U.S. Circuit Judge Marsha Berzon, a Clinton appointee, grew as frustrated as Hurwitz.
“She’s explained many times why the granular approach is necessary,” she interrupted Pappas. “She’s explained it and she’s explained it and she’s explained it.”
After vacating the settlement of a class action in 2021 because the Department of Corrections failed to follow its terms, Silver found at trial that the department failed to provide adequate medical and mental health care to its prisoners. In addition to requiring better staffing, Silver’s resulting injunction required improvements in several areas, including better medical record documentation, patient confidentiality protections and regular and timely delivery of medications.
In 2024, Silver found the department still hadn’t cleaned up its act and ordered a six-month pilot program in which it needed to fill medical staff vacancies at just two of its nine prisons. She later ordered full compliance with a larger staffing plan in June 2025.

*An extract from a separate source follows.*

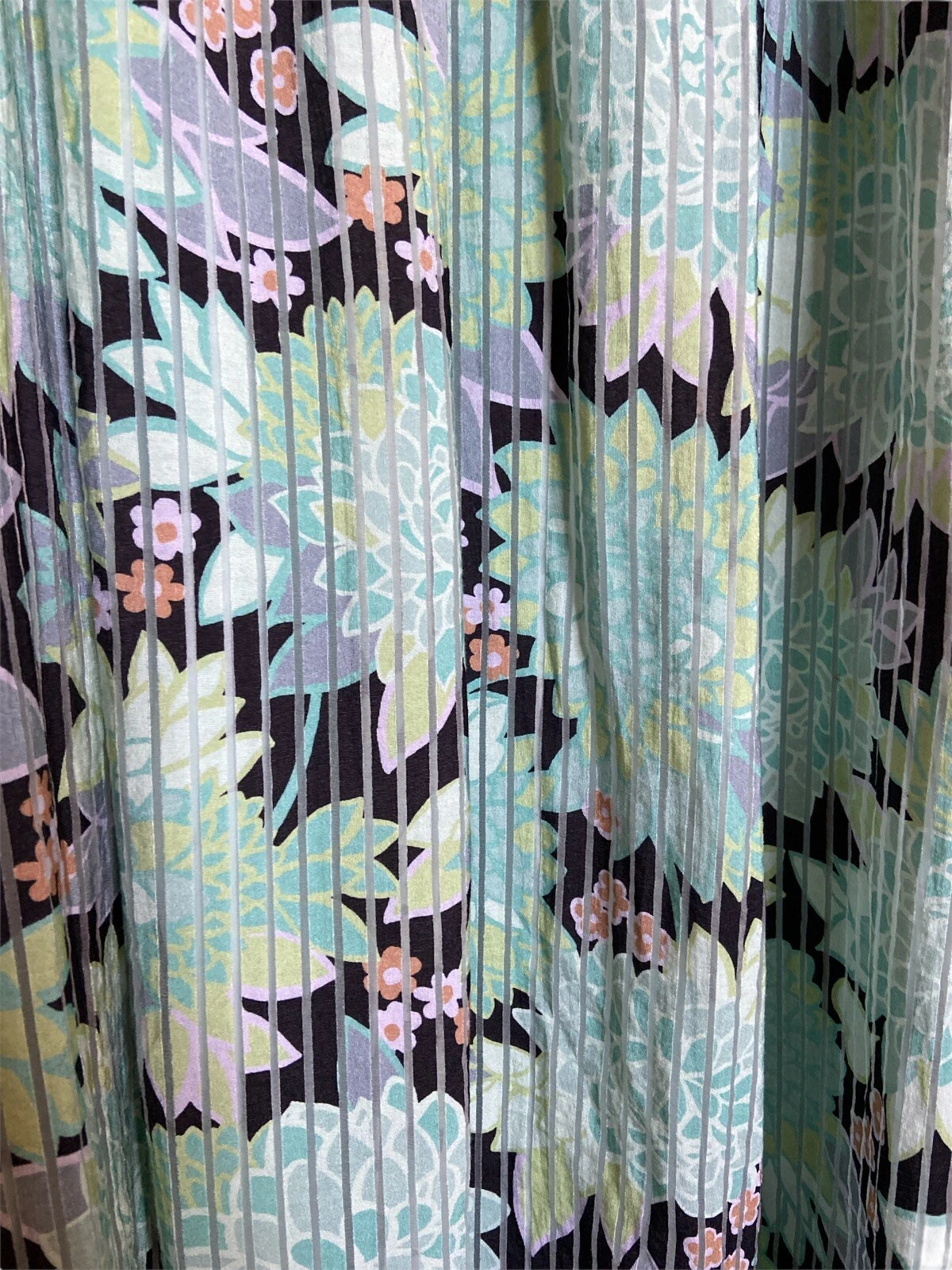 Abito midi Kate Spade verde dalia fiori burnout taglia 0 tasche gonna intera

The department complained throughout the process that it doesn’t have the money to follow Silver’s orders. Now it says Silver’s failure to mention the statute in her final order requires it be vacated.
Hurwitz likened the mistake to forgetting to check a box.
“I want to inject a little common sense into this,” he said. “We all know beyond a shadow of a doubt that Judge Silver meant to comply with PLRA because she did so so many times before. If we send this back to Judge Silver, she’ll simply make the findings.”
Once Silver amends her order, Hurwitz said the department could return to the Ninth Circuit to challenge the sufficiency of the findings.
“Once we get to the sufficiency of the findings I think we approach them with the whole history of the litigation in mind knowing how badly your client has acted over 20 years,” he said.
Representing the plaintiff class, American Civil Liberties Union attorney Corene Kendrick requested haste.
“If you do that quickly, that would be great so we can get this show on the road because people are continuing to suffer,” she told the panel.
The panel suggested it would give Silver 30 days if needed to remand.
Kendrick argued that it didn’t.
“Judge Silver is acutely aware of her responsibilities under the PLRA,” Kendrick said.
She said Ninth Circuit precedent set by similar cases allows the panel to affirm the order without it explicitly explaining its compliance with the statute.
“You can certainly tell her to say the 32 magic words," Kendrick said. “Or you can look at cases like Kelly v. Wengler where the Ninth Circuit affirmed an order where [Prison Litigation Reform Act] was not cited or quoted or mentioned at all by the district court in Idaho.”
U.S. Circuit Judge Milan Smith Jr., a George W. Bush appointee, rounded out the panel. It didn’t indicate when it would rule.